Most significantly Big Sport is bad for morals, mainly because when Big Prizes are involved, the fact of winning starts to seem much more important than winning in the right way (according to all those annoying rules). While previously all players could expect to benefit from participating (i.e. it produced surplus value), this transforms the game into a zero-sum competition in which the value is introduced from outside, in limited quantities, and distributed only to the winner (the rest are losers). In addition, external Big Prizes induce players to engage in gamesmanship, crowding out the ethics and norms of fairness and sportsmanship that made participating fun in favour of strategies that maximise victory by any effective means. (Something similar happens in Big Business.) Those silly rules are quickly forgotten, judging from the massive and sophisticated use of pharmacological performance aids and the standards of 'sportsmanship' on display.

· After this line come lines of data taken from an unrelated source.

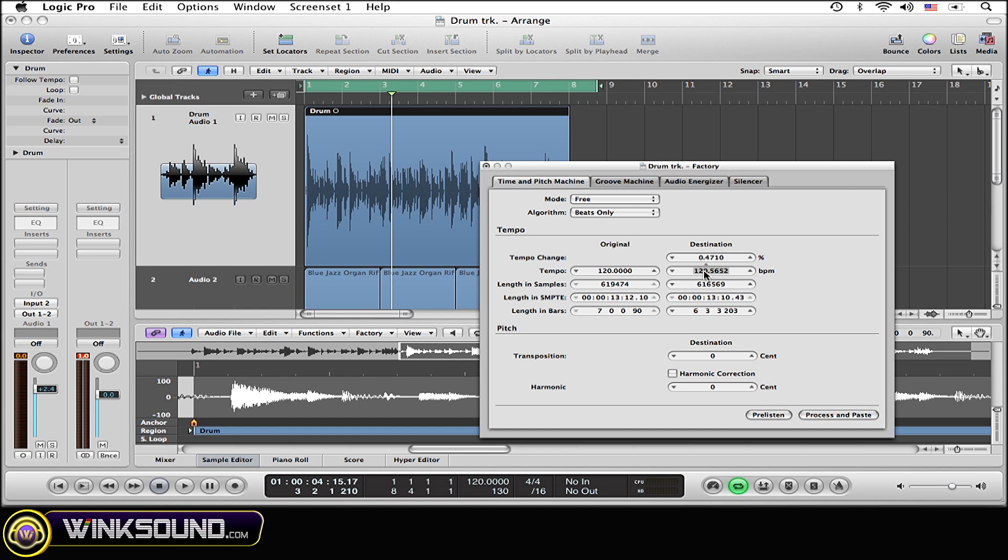Now where you see under Destination, the BPM right there, this is where you put the tempo. The one luxury that I have with using a loop is I know the exact tempo that I want to change it to.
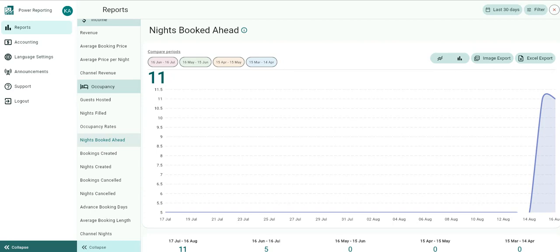Please keep in mind that the time period and rental filter selected at the top of the screen affects the information that is displayed for this and all other reports. Let's take a look at the Nights Booked Ahead graph. This is a very interesting key performance indicator.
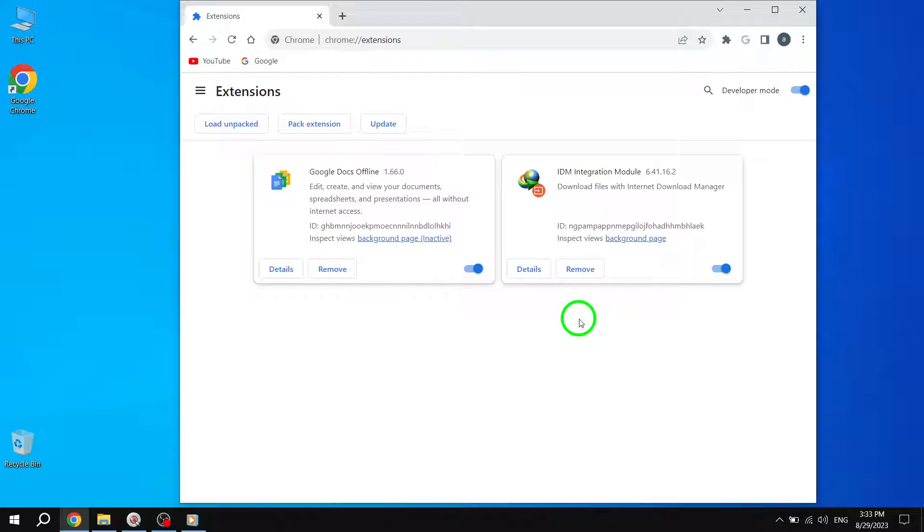With these steps, you should be able to resolve the issue of untitled blank pages in Google Chrome.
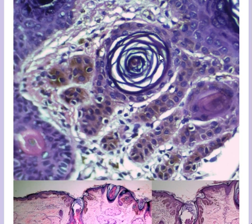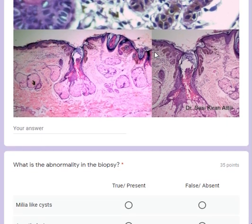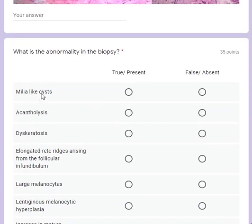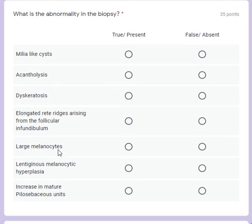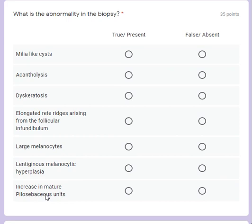Because of these cystic structures associated with this condition, you often see acne and hidradenitis suppurativa more commonly associated with Dowling-Degos disease. Milia-like cysts are present; there is no acantholysis or dyskeratosis. There are definitely elongated rete ridges. The melanocytes are normal in size - not large - and there is no melanocytic hyperplasia.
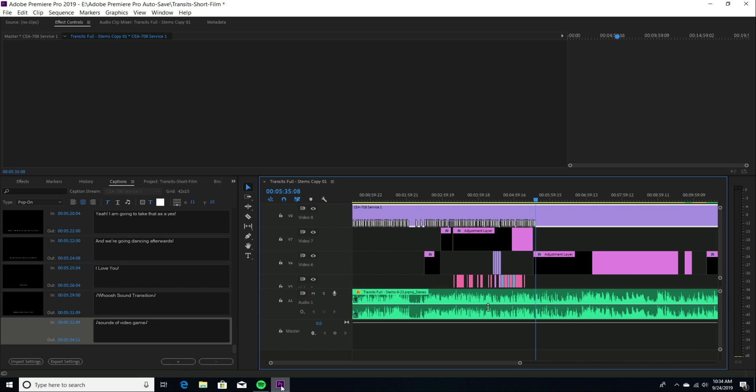Today, I thought I would go over using the closed caption feature. Since I'm at that stage now with my short film where I'm going to be adding the closed captions.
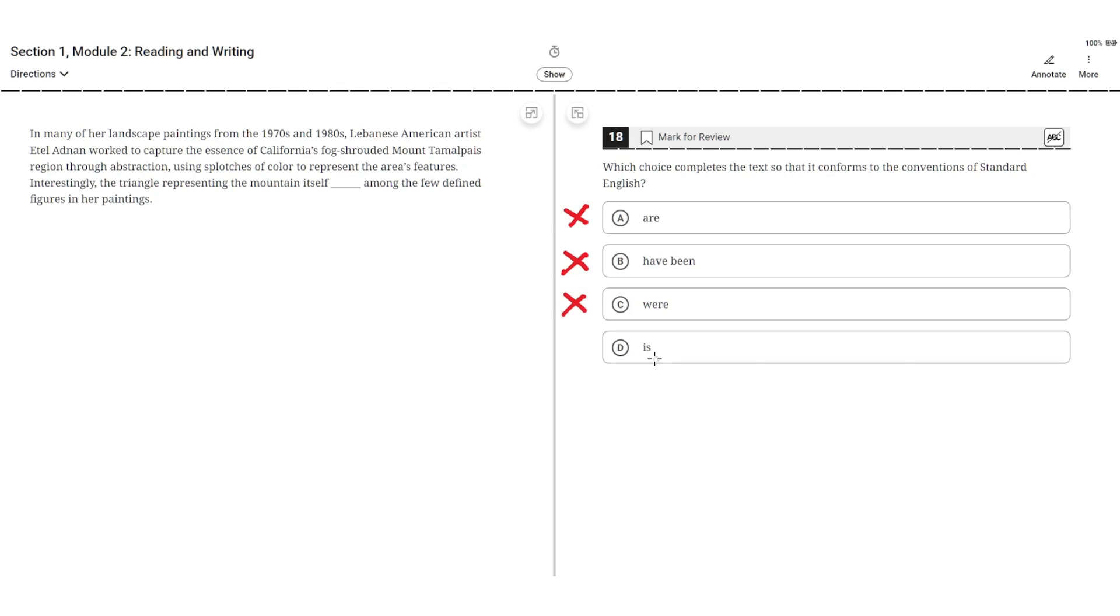D. Is. This is correct because the singular verb is agrees with the singular subject triangle, so D is the correct choice.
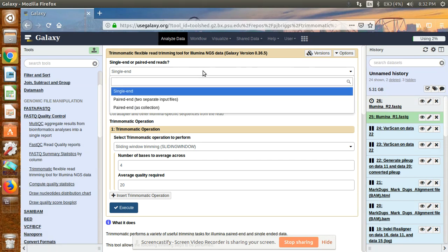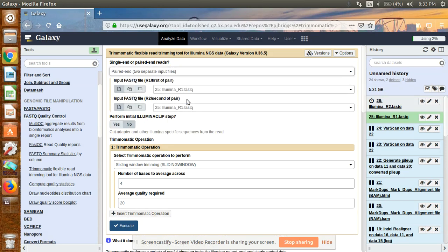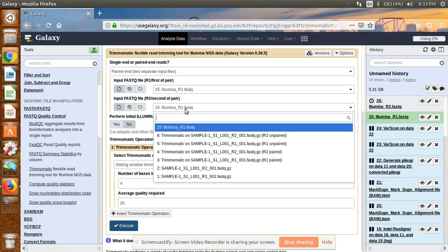After clicking Trimmomatic, you have to choose what type of data you have. In my case it is paired-end sequencing, so select that option. For paired-end you need to provide a forward sequence and a reverse sequence. In my case the forward sequence is R1 and the reverse is R2 — select R2 for the reverse input.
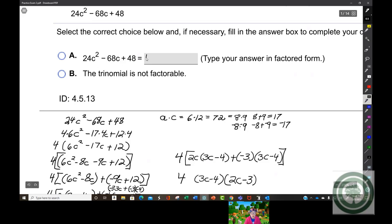So the answer is: 4, parentheses, 3C minus 4, close parentheses, open parentheses, 2C minus 3, close parentheses.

The Big Sport authorities, with their own vested interests, often seem to assume the ostrich position in their search for such rule-breakers, apparently caring more about their Big Reputation and future revenues than the young lives being chewed up and spat out. Big Sport is not character building but character destroying.

Big Sport has no reason for being, except as shallow reality TV level entertainment - and this shows in the painful vacuity of Big Sport Talk. Have you noticed how nearly all the 'analysis' revolves around the 'will to win'? It's so stupid it hurts to listen to!
Sport Reporter: Are you disappointed that you didn't win?
Athlete: Yes.
SR: So, what went wrong? The other side was very strong. It was clear they wanted this victory very badly.
A: The other side played a strong game, and we had some problems - we just didn't believe we could do it.
SR: What will you do next time?
A: We have to focus all out on what we want and do all it takes. We're going to go in there believing in ourselves as champions.
Such exchanges also reveal the bizarre theological underpinnings of Big Sport: the portentous seriousness with which it takes itself could have been taken directly from medieval trial-by-combat. Winning is given a moral weight and meaning to cover up the ridiculousness of the whole enterprise; its tendencies to the moral corruption of organisers, participants and spectators; and the awful sacrifice it requires from its participants. That means that when 2 teams compete, the winner is not just the team that did best within a set of arbitrary rules, but actually superior in some wider moral sense, or else God wouldn't have let you win.

Unfortunately the moralisation of Big Sport, in addition to its Big Prizes and Big Responsibility, does not bring out the best in competitors or fans. As is so common in moral discourse everywhere, people who fail morally often try to displace the blame onto everything but themselves - injuries, spectators, umpires, cheating by the other side, the colour of their uniforms (!), etc. While when they win they are happy to take full responsibility.

Big Sport clearly has its attractions for an awful lot of people, but closer scrutiny would reveal that these are rather disreputable ones hard to be proud of: vicarious thrills, tribalist sense of belonging, etc - stuff we have in common with the other gregarious ape species. Instead, all too often, talk about Big Sport tries to pretend that it is something it isn't and provides us with any number of grandiose but incoherent pictures: the domain of heroes fighting for national honour; a catwalk for virtuous characters to parade as role-models for our children; a school of self-discipline; international understanding and peace; an economic booster; feel-good factor; or whatever. None of them hold up.